I would probably wait till there is a clear reversal, this is in a clear downtrend and who knows how low this thing can go.


----------



## Rainman (12 September 2018)

skc said:


> View attachment 70040
> 
> 
> Ooops.




The performance of Montgomery's funds is very ordinary.  Most of the funds are either barely outperforming the market - like by 100 bps - or are severely lagging the market after fees:  https://rogermontgomery.com/investing-with-montgomery/.

Roger himself talks a good game.  But many of his investors would have been better off in an index fund.


----------



## The Triangle (28 September 2018)

leyy said:


> I would probably wait till there is a clear reversal, this is in a clear downtrend and who knows how low this thing can go.



Apparently 29 cents!  Win some lose some.  Bought more today and that will be it for my holding.


----------



## leyy (2 October 2018)

The Triangle said:


> Apparently 29 cents!  Win some lose some.  Bought more today and that will be it for my holding.




Still to early to say The Triangle, it looks lie you are trying to catch a falling knife.

If it closes above 38 cents i would be more interested in an entry.

good luck though.


----------



## The Triangle (23 August 2019)

Fantastic results.  40 million writeoff and sp up 25%!  Guidance hit otherwise.  Worth the wait.  

Cash generation put towards debt which went from 55 million to 43 million and they still had 3 more million to add to existing cash balance.   Net debt now at 28 million.


----------



## greggles (15 June 2021)

Isentia Group enters into Scheme Implementation Deed with AIM-listed Access Intelligence Plc, under which it is proposed that Access Intelligence will acquire 100% of the share capital in Isentia it does not already own by way of a Scheme of Arrangement for 17.5c per share in cash.






The ISD share pirce has been languishing ever since it collapsed in late October last year after a cyber security incident disrupted services within its SaaS platform Mediaportal.
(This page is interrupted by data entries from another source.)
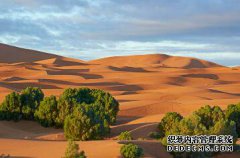 /news/cjwd/8206.html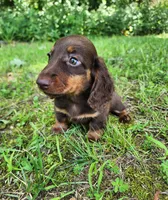 Willow, a female Miniature Dachshund for sale in Hartville, MO – 7 of 10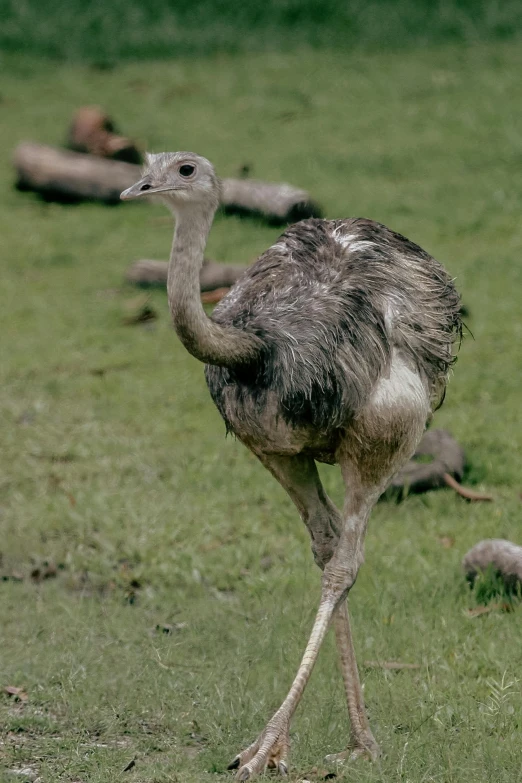 an ostrich is standing and staring at soing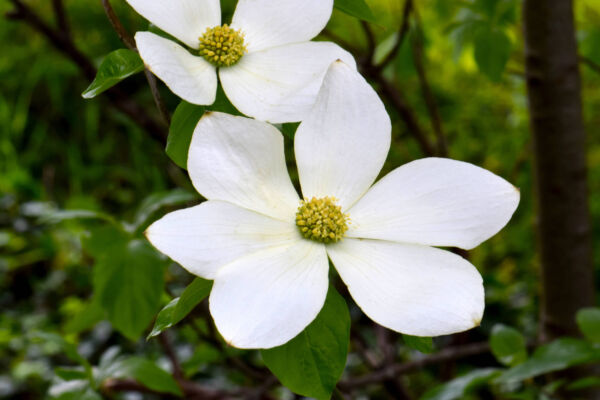 pacific dogwood blooms with white petal-like bracts surrounding tiny yellowish green flowers at center on green background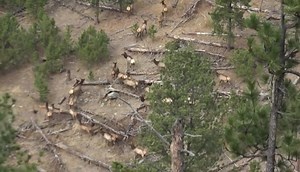 If you didn’t catch Justin’s hunt from a few weeks back, be sure to check out the full video! ⬇️ THE SPRINT! LATE SEASON ELK HUNT! S6:EP17 https://youtu.be/4ZA8alOPDiA #elkseason #buckstormsd #elkhunting #buckstormhunts #elk #bullelk #perfectshot #season6 #bugle #bulldown #hunting | Buckstorm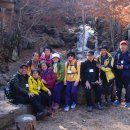 청학동 Daum카페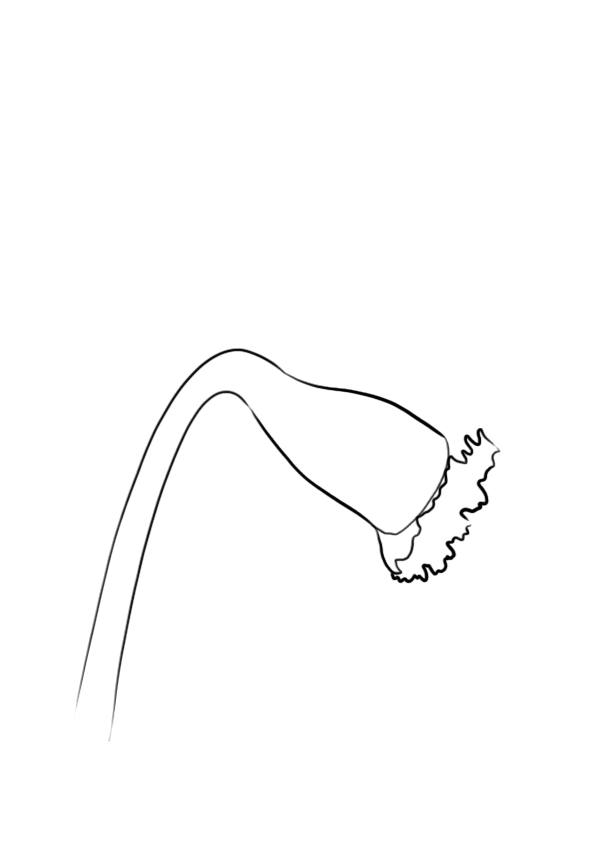 dessiner une fleur : la jonquille étape 1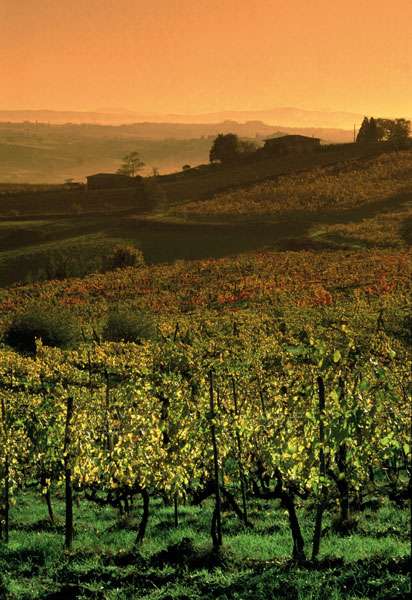 Full Day Tour Of San Gimignano Siena Monteriggioni Full Day Tour Of San Gimignano Siena Monteriggioni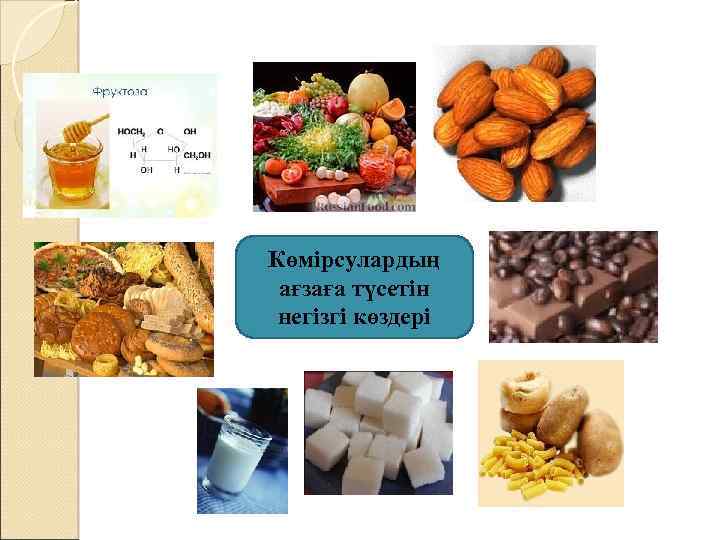 Көмірсулардың ағзаға түсетін негізгі көздері 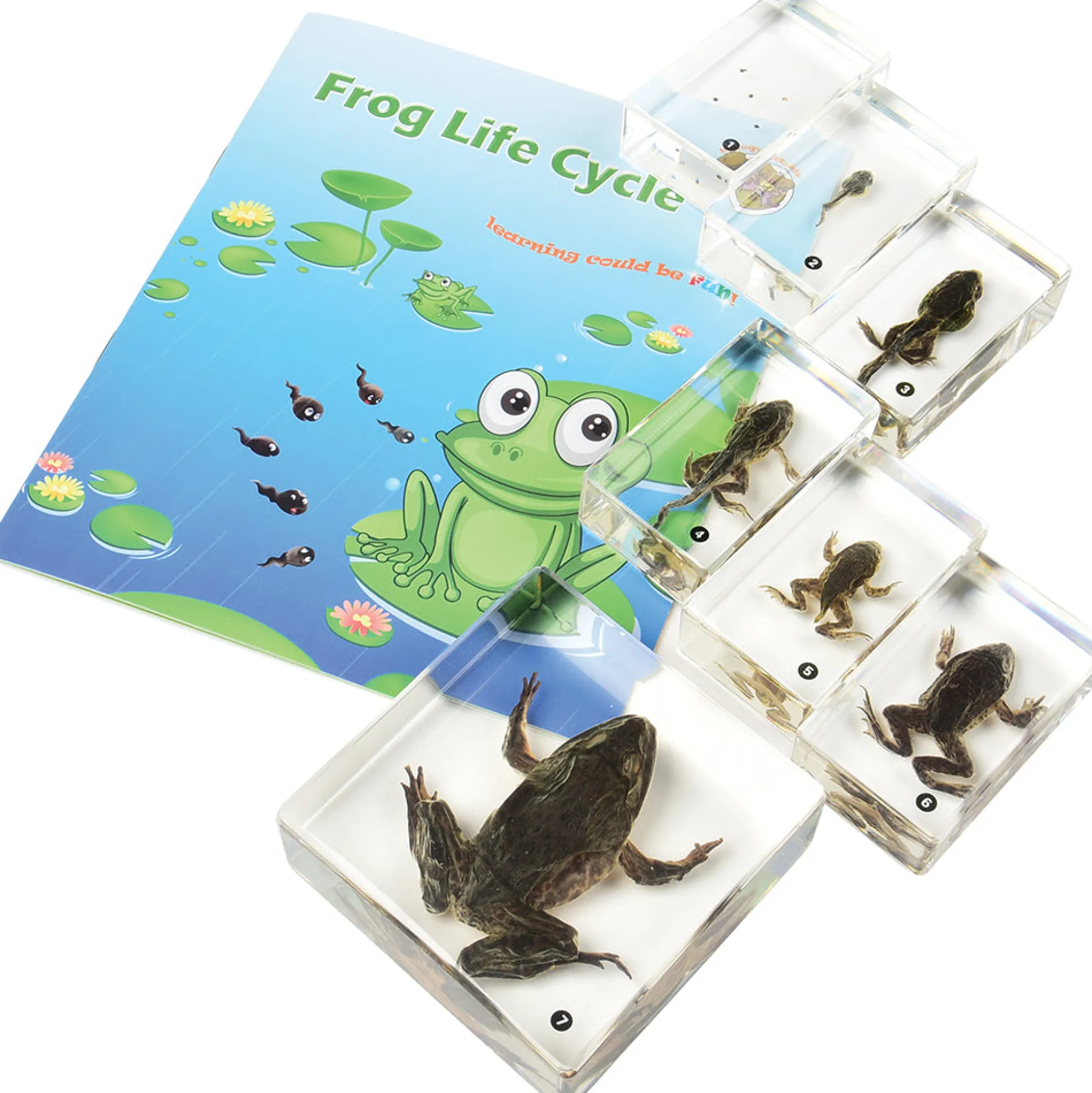 Frog Life Cycle Exploration Set | 7-Piece Poly-Resin Stages with Guide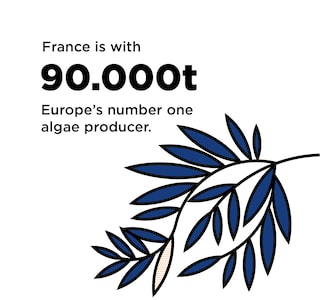 90000tonns-quadrat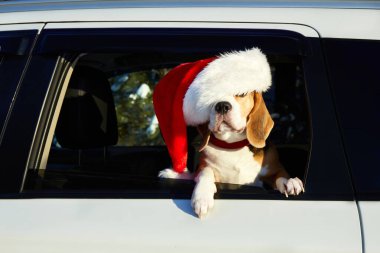 Noel Baba şapkalı bir köpek arabayla seyahat ediyor. Tatlı bir av köpeği arabanın camından dışarı bakar..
Since then, the market has lost confidence and the share price has suffered as a result.

This deal looks like a good result for everyone, especially shareholders who were unlikely to see 17.5c anytime soon. ISD closed on Friday at 6.8c. If I was a shareholder I'd be pretty happy with this outcome.


----------



## The Triangle (19 June 2021)

Im not happy with this result - however I accept that ISD must be performing horrifically.   I had nibbled more at isd over the past 6 months but still have an average price in the mid 20s.   

Its a bit suspect that the company was so accepting of the recent hack.  No threats of legal action.  No suggestion of responsibility.

The drop to 7 cents last month on no news was also suspect....?

The complete lack of corporate updates....?

The renegotiated debt last year then the admission last week that a recap was likely needed....?

Sold 1/2 and will probably wait on independent report.  It won't be a fair or reasonable offer in my opinion but they'll suggest to take it and throw up a line about going concern.   

Ill avoid investments where i see these board members or executives again.  

Oh well.  Can't win on every company.  

Considering you can buy for 16.5 or 17.0 I wonder why the acquirer is not buying more shares on market?


----------



## System (3 September 2021)

On September 2nd, 2021, iSentia Group Limited (ISD) was removed from the ASX's Official List in accordance with Listing Rule 17.11, following implementation of the scheme of arrangement between ISD and its shareholders in connection with the acquisition of all the issued capital in ISD by Access Intelligence plc.


----------